Could you transcribe exactly the lines below, from the line with "A loaf with" through the line with "2002 HONDA CIVIC", and nothing else, leaving out the pictures?

Caption-style text data
--- START ---
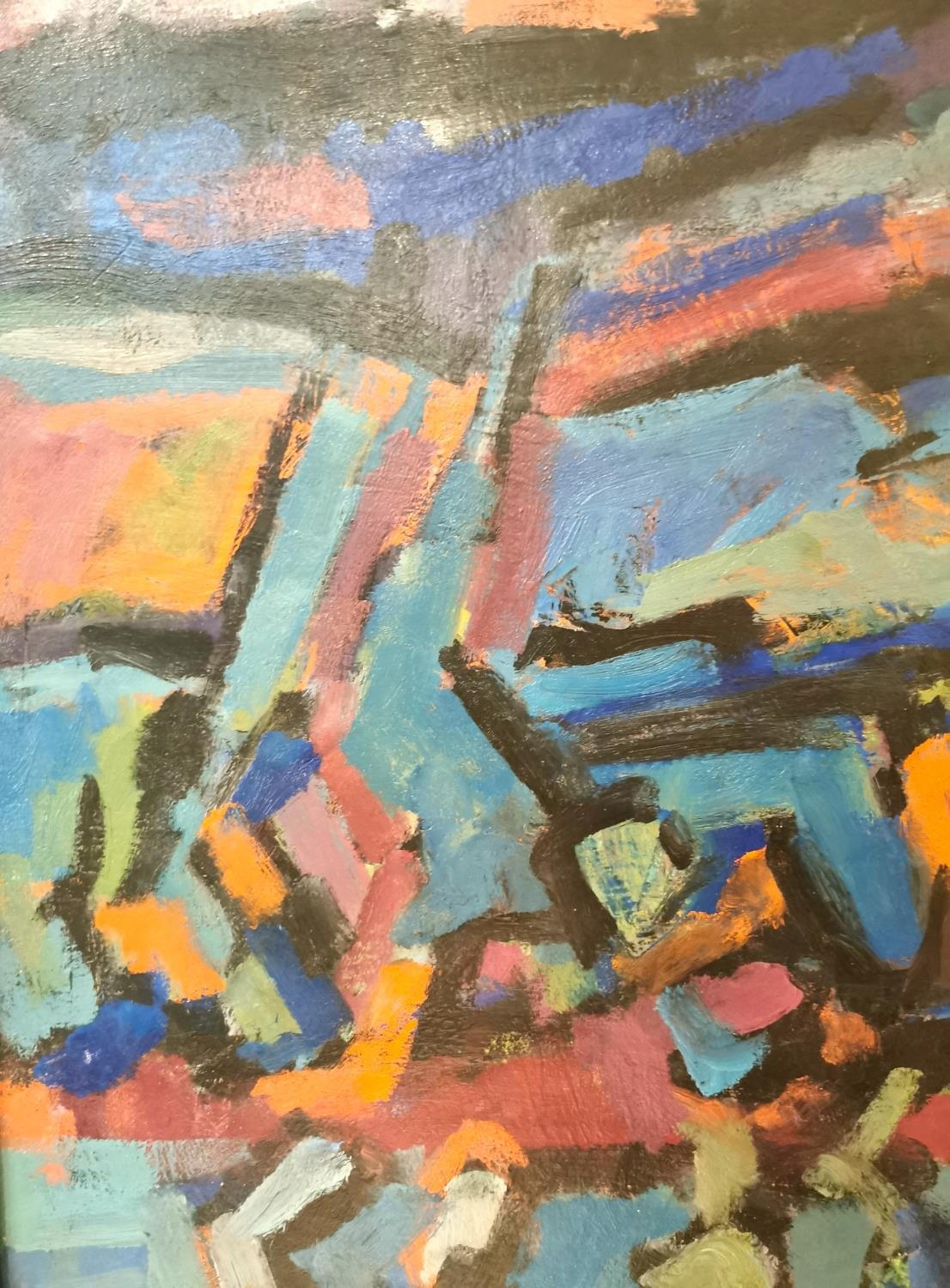 A Mid-century abstract oil on canvas landscape, unsigned. Framed. L.113 H.87cm - Image 5 of 8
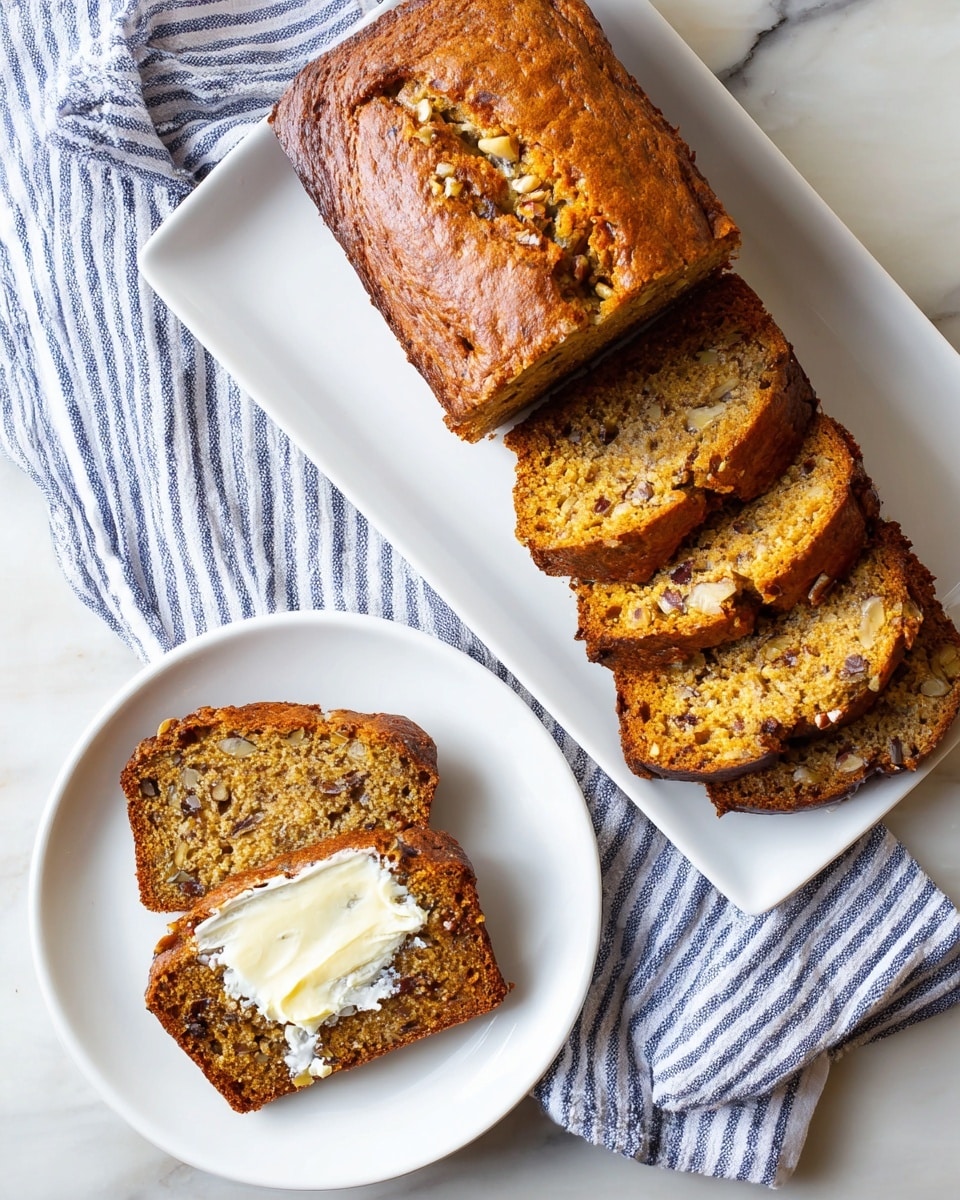 A loaf with four thick slices of moist, orange-brown bread with dark nut pieces inside is placed on a long white plate on the left side. To the right, one of the slices is on a small white plate with creamy butter spread unevenly on top. There is a blue and white striped cloth slightly crumpled next to the small plate, all set on a white marbled surface. The lighting is soft and natural, highlighting the texture of the bread and butter. photo taken with an iphone --ar 4:5 --v 7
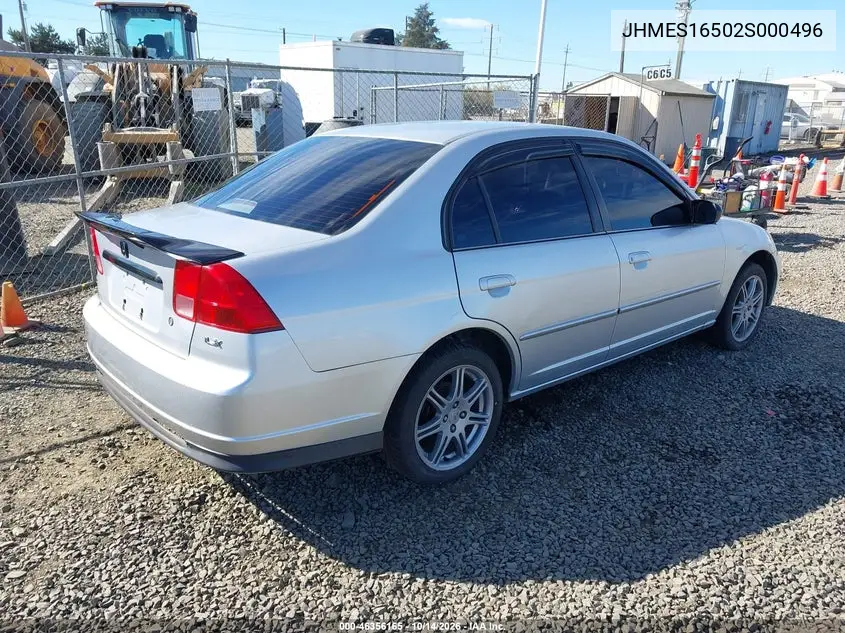 2002 HONDA CIVIC VIN JHMES16502S000496 — фото 4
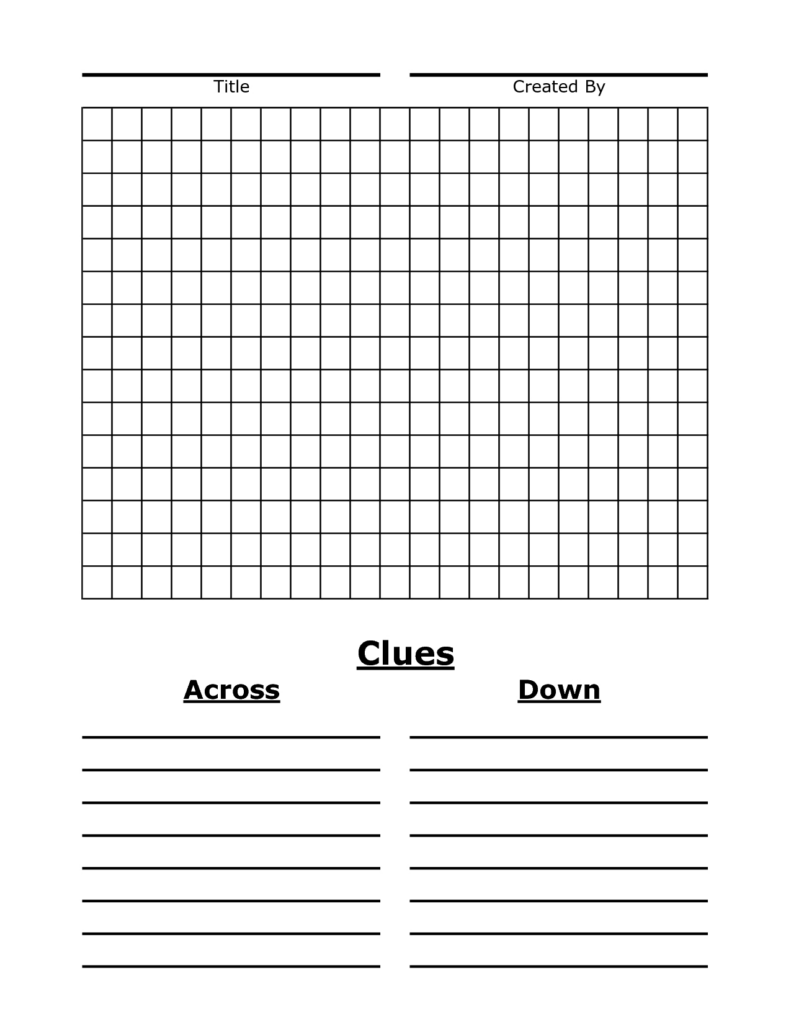 Printable Blank Crossword Grid Printable Crossword Puzzles James 
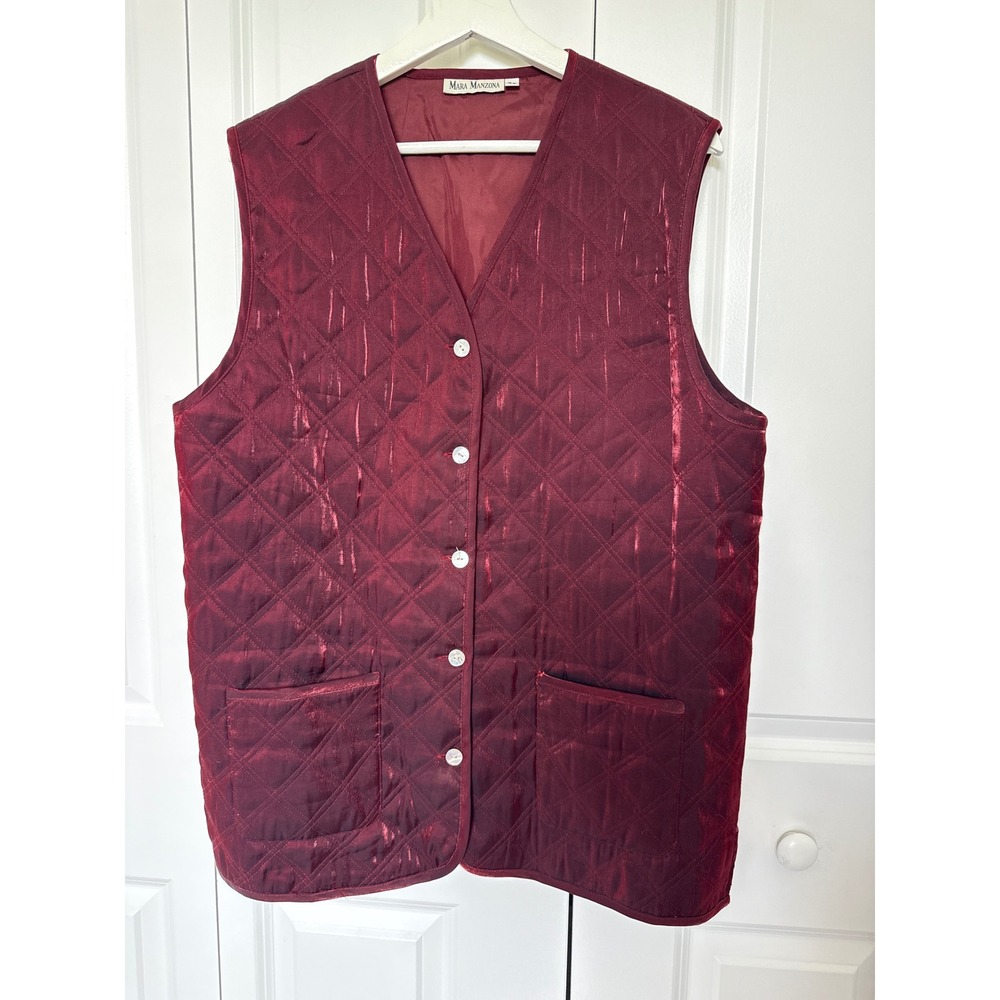 Mara Manzona Vintage Quilted Vest‎ Burgundy Red Metallic Diamond Padded Pockets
--- END ---
* _WRITTEN ANSWER_
 A loaf with four thick slices of moist, orange-brown bread with dark nut pieces inside is placed on a long white plate on the left side. To the right, one of the slices is on a small white plate with creamy butter spread unevenly on top. There is a blue and white striped cloth slightly crumpled next to the small plate, all set on a white marbled surface. The lighting is soft and natural, highlighting the texture of the bread and butter. photo taken with an iphone --ar 4:5 --v 7
 2002 HONDA CIVIC VIN JHMES16502S000496 — фото 4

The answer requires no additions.